HERAF, between 30th July, 2014 and 1st August, 2014 held a training targeting health workers from Runyenjes and Manyatta sub – counties in Embu County. The training, held in partnership with the Embu County Health Management Team, was meant at increasing awareness among health care workers on the right to health, including its realisation in line with the Constitution of Kenya 2010, imparting knowledge among health care workers on the human rights- based approaches in health services provision and providing a forum for the health care workers to interact with the County Health Management Team, including the County Executive for Health, County Director for Health services, and the Chief Officer, Health.
From the prevailing discussions, it was clear to see that devolution of the health sector is facing several challenges. These challenges include but are not limited to the lack of clarity in the due process for the transfer of health care workers in between counties, the gazettement of Health facility management Committees as were elected towards the end of the year 2013, and the financing of Level 5 health facilities. In addition, there is minimal understanding among stakeholders in the health sector on the devolution process.
Need for Sensitization
In order to address the aforementioned, it was noted, it would be of utmost importance to increase the understanding amongst stakeholders on how devolution in the health sector is supposed to be realised.
To do this effectively, there was consensus among the participants including representatives’ from the civil society, the county health management team and the health care workers on the need to sensitize stakeholders such as health care workers and communities on the legal policy frameworks that are informing devolution in the health sector. These include County health strategic investment plans, the County Government Act, the Health policy, the Intergovernmental relations act, and the public finance management act etc.
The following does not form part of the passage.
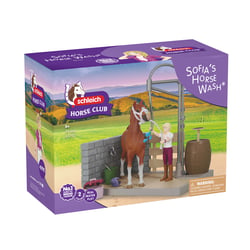 Figurine lavage de cheveux de Sofia - Schleich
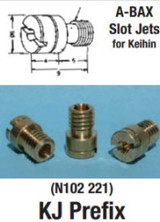 EBC KJ125-4 Ebc Keihin Slot Jets Pkts Of 4 Kj125-4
In recognition of the pivotal role of information in ensuring that rights and responsibilities in line with the rights based approach are realized in the devolved government structure thus, it would be paramount for civil society organisations to implement project activities aiming at sensitizing health care workers and community at all levels on the policies, acts and other frameworks, related to devolution in the health sector. In so doing, the health care workers and communities will be in a position to better deliver on their roles and responsibilities effectively, including services delivery
Forums for engaging with policy makers and technocrats
Further to the underscored need for sensitization activities on the legal policy frameworks, discussions and questions as arising in the forum were a clear indication that more often than not, policy makers and technocrats, such as the county health management team (CHMT), and their respective constituents such as county health care workers have limited forums, for engaging in discussions about issues affecting the operations in the health sector or the changes in the government structure and operating environment that have an impact on the effective delivery of health services. In this regard, thus, it was recommended, civil society organisations should purpose to partner with specific county government health management teams to facilitate periodic meetings and engagement forums. In so doing, stakeholders, the CHMT and the HCWs included, will have a good understanding of the systemic challenges in the health sector, including their root causes, parties and offices responsible, and possible solutions for further action.
Foster partnerships between communities and Health care workers
The human rights- based approach to health services provision, stipulates that services providers (health care workers) and services users (citizens) alike have rights and responsibilities that complement each other. However, in the past, due to the increased focus on client rights and clients (communities) through sensitization, health care workers have often perceived communities as having a better understanding of their own rights and very little understanding of their responsibilities with regards to the realisation of right to health. In the words of health care workers, “there is so much that communities to improve their access to better health such as reporting the violation of their right to health and its causes to the relevant authorities, imploring their political office representatives to advocate for increased health financing and participating in the planning and sourcing for resources at given health facilities”. In light of such issues, HERAF would like to urge civil society organizations to implement projects aiming at fostering partnerships between health workers, health facility management committees and communities at large, by supporting stakeholders meetings, facility specific dialogue forums, and accountability and planning meetings. Such activities should be complemented by dissemination of information on the same, in a friendly manner such as using local radio, printing posters and through engagement of ‘bodaboda’ operators.
Through such activities, HERAF envisages that there will be increased community ownership and support for health facilities in various localities, as demonstrated through collaborations with HCWs and political office holders in addressing and solving problems that affect effective services delivery.